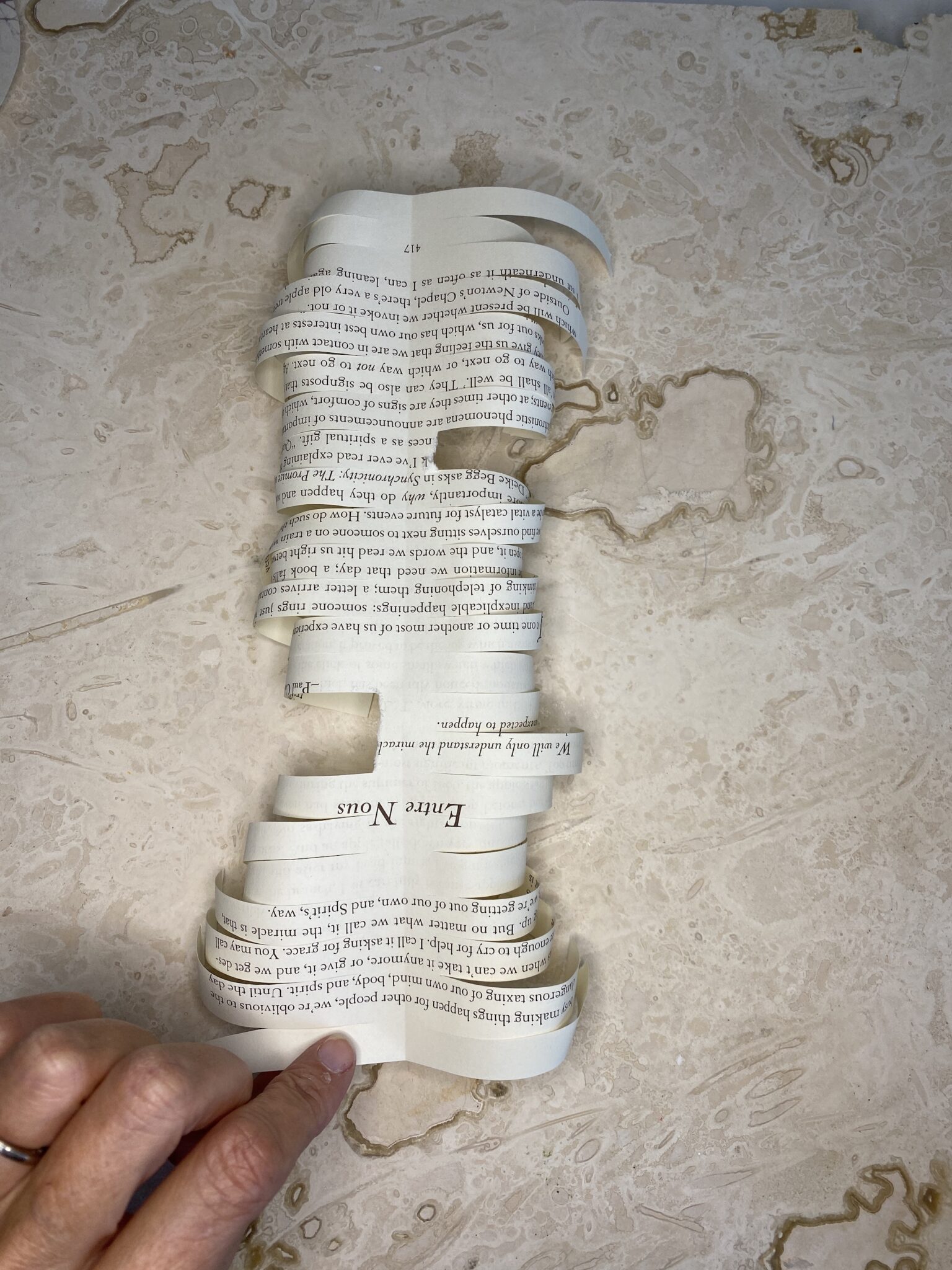 How To Make A Curled Paper Wreath With Book Pages : Tutorial With Pictures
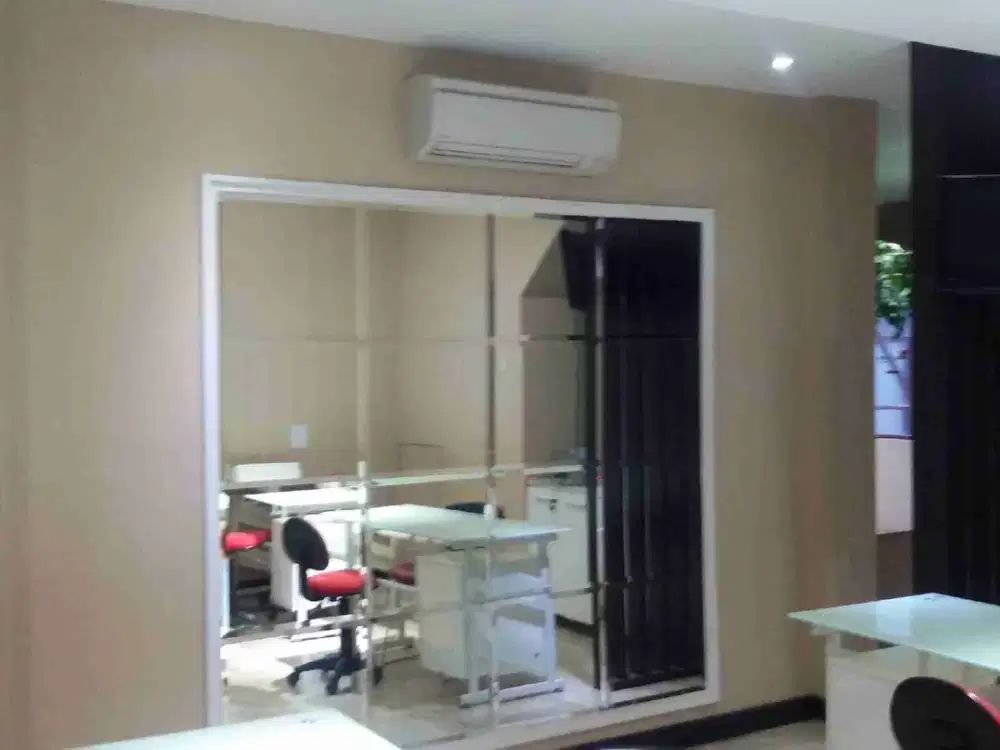 Disewakan segera ruang kantor di Grand Wijaya Center, Lantai 3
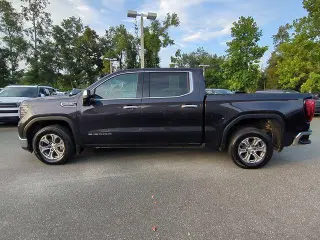 GMC Sierra 1500 2025 4x2 SLT 4p Crew Cab 5.8 ft. SB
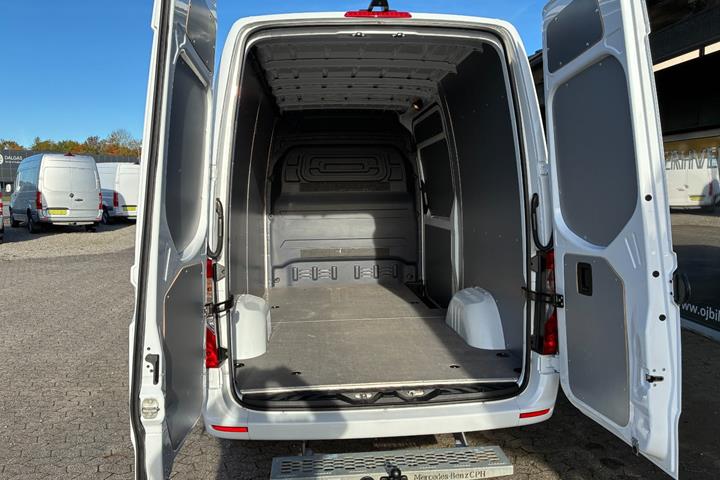 Hvid Mercedes Sprinter 317 fra 2023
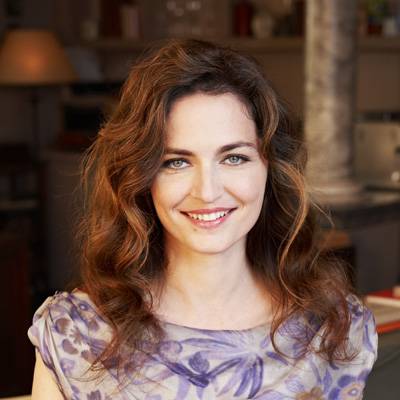 A világsztárokat is túlragyogta a gálán a magyar színésznő Képeken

════════════════════

> Task item
What's needed is every line above, retyped exactly and free of pictures.

> Written answer
 How To Make A Curled Paper Wreath With Book Pages : Tutorial With Pictures
 Disewakan segera ruang kantor di Grand Wijaya Center, Lantai 3
 GMC Sierra 1500 2025 4x2 SLT 4p Crew Cab 5.8 ft. SB
 Hvid Mercedes Sprinter 317 fra 2023
 A világsztárokat is túlragyogta a gálán a magyar színésznő Képeken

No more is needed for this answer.